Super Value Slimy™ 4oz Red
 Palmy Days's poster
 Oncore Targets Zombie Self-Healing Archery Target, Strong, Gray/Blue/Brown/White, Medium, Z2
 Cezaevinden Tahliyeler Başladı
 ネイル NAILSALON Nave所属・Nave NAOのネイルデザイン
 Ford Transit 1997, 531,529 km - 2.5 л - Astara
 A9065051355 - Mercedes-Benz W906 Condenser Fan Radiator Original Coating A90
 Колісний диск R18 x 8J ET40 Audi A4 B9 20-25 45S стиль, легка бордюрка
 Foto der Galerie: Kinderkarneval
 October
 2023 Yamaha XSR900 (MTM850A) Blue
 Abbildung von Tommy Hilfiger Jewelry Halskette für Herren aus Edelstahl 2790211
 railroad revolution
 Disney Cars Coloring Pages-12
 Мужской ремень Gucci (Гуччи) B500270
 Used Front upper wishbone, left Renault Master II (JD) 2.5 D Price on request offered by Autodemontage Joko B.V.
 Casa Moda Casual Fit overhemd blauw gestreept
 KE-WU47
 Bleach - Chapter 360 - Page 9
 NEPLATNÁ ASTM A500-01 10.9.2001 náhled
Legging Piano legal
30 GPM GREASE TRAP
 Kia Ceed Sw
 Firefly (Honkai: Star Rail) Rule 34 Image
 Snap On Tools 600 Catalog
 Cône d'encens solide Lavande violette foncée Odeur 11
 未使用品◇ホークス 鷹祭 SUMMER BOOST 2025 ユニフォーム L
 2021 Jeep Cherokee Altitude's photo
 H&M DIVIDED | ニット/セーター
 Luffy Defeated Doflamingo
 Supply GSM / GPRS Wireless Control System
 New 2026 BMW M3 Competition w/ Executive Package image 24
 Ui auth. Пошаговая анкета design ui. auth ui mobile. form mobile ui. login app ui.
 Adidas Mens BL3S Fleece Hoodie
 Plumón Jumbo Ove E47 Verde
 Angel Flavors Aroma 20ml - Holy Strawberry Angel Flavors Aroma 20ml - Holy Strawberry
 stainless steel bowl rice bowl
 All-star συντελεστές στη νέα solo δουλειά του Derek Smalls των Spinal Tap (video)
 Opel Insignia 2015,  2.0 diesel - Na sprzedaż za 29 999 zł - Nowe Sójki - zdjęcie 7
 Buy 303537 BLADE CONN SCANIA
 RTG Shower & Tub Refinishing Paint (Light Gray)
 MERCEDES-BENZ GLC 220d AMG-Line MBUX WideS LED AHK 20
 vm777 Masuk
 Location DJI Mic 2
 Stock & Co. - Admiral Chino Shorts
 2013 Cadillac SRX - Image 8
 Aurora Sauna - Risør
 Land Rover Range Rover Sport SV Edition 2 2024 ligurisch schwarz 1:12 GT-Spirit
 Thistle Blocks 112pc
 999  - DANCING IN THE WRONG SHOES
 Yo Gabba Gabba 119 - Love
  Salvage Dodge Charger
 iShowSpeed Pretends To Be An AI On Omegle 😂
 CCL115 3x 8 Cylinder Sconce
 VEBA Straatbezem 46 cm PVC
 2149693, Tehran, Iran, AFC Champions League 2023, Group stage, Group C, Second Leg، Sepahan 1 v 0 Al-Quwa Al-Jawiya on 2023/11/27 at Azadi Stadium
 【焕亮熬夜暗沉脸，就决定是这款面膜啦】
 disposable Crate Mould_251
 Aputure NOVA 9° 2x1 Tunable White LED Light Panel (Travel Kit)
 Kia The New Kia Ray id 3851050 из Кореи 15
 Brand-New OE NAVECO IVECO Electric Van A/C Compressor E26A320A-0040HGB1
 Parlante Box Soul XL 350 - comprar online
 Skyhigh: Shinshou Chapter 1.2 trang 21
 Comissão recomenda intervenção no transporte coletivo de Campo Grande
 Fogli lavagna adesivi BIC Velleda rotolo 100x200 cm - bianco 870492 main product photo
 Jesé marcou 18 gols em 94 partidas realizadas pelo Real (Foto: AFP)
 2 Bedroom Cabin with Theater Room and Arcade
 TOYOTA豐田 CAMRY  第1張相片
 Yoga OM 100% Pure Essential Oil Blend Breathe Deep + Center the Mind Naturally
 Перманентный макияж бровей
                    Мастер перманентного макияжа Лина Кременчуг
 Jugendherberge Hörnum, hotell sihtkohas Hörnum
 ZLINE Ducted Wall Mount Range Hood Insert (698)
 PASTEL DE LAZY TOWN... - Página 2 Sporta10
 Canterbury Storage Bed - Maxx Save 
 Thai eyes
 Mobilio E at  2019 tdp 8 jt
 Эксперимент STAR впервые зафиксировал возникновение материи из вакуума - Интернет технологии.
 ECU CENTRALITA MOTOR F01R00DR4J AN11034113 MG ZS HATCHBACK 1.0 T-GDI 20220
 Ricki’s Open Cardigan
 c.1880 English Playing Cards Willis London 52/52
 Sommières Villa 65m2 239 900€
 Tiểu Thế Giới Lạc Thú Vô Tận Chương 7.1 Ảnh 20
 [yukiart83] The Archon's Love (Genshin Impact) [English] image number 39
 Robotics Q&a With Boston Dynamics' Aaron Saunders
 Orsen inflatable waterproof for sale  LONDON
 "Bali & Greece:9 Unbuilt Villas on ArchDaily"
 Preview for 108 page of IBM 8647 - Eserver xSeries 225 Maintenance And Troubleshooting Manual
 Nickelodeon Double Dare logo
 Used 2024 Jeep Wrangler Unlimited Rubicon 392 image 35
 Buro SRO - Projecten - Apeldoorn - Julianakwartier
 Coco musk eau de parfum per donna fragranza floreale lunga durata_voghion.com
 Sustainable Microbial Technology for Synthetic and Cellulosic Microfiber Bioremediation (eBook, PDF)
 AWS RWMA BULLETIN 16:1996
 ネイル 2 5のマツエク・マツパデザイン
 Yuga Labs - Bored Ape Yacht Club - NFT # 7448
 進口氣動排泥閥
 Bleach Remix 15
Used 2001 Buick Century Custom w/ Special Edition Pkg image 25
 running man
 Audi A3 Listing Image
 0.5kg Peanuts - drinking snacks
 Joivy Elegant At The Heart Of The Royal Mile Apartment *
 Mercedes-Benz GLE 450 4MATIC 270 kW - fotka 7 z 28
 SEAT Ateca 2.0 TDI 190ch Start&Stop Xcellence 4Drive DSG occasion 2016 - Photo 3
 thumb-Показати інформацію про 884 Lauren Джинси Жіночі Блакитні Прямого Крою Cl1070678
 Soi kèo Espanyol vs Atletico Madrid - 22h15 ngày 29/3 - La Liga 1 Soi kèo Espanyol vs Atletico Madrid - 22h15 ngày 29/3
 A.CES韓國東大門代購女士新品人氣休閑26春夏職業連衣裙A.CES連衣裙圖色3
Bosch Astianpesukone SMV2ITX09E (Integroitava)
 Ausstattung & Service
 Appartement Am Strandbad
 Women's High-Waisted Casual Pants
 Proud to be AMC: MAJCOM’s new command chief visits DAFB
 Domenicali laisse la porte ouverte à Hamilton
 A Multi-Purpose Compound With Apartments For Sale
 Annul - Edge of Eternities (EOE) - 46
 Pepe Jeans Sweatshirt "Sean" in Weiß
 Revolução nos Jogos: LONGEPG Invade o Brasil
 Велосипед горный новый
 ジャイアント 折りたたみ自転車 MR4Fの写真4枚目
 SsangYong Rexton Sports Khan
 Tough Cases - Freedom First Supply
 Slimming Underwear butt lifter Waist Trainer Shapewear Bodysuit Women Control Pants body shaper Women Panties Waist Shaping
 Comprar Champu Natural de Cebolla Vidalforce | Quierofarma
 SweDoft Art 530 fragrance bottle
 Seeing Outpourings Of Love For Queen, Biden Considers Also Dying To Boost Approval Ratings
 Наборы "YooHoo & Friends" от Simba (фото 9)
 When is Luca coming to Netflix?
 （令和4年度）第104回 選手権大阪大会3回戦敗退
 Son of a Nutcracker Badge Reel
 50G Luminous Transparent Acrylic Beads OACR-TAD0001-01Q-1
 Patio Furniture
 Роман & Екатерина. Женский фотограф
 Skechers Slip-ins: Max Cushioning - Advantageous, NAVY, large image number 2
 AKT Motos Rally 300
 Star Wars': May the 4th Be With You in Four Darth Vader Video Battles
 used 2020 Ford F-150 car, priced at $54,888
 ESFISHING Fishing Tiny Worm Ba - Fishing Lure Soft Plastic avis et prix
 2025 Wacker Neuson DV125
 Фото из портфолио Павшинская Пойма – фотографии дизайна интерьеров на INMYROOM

——————

→ **What to produce**:
If a line comes after the one with "Angel Flavors Aroma 20ml - Holy Strawberry Angel", leave it out; reproduce exactly every line of the material from the first up to and including that one.

→ **Solution to this task**:
Super Value Slimy™ 4oz Red
 Palmy Days's poster
 Oncore Targets Zombie Self-Healing Archery Target, Strong, Gray/Blue/Brown/White, Medium, Z2
 Cezaevinden Tahliyeler Başladı
 ネイル NAILSALON Nave所属・Nave NAOのネイルデザイン
 Ford Transit 1997, 531,529 km - 2.5 л - Astara
 A9065051355 - Mercedes-Benz W906 Condenser Fan Radiator Original Coating A90
 Колісний диск R18 x 8J ET40 Audi A4 B9 20-25 45S стиль, легка бордюрка
 Foto der Galerie: Kinderkarneval
 October
 2023 Yamaha XSR900 (MTM850A) Blue
 Abbildung von Tommy Hilfiger Jewelry Halskette für Herren aus Edelstahl 2790211
 railroad revolution
 Disney Cars Coloring Pages-12
 Мужской ремень Gucci (Гуччи) B500270
 Used Front upper wishbone, left Renault Master II (JD) 2.5 D Price on request offered by Autodemontage Joko B.V.
 Casa Moda Casual Fit overhemd blauw gestreept
 KE-WU47
 Bleach - Chapter 360 - Page 9
 NEPLATNÁ ASTM A500-01 10.9.2001 náhled
Legging Piano legal
30 GPM GREASE TRAP
 Kia Ceed Sw
 Firefly (Honkai: Star Rail) Rule 34 Image
 Snap On Tools 600 Catalog
 Cône d'encens solide Lavande violette foncée Odeur 11
 未使用品◇ホークス 鷹祭 SUMMER BOOST 2025 ユニフォーム L
 2021 Jeep Cherokee Altitude's photo
 H&M DIVIDED | ニット/セーター
 Luffy Defeated Doflamingo
 Supply GSM / GPRS Wireless Control System
 New 2026 BMW M3 Competition w/ Executive Package image 24
 Ui auth. Пошаговая анкета design ui. auth ui mobile. form mobile ui. login app ui.
 Adidas Mens BL3S Fleece Hoodie
 Plumón Jumbo Ove E47 Verde
 Angel Flavors Aroma 20ml - Holy Strawberry Angel Flavors Aroma 20ml - Holy Strawberry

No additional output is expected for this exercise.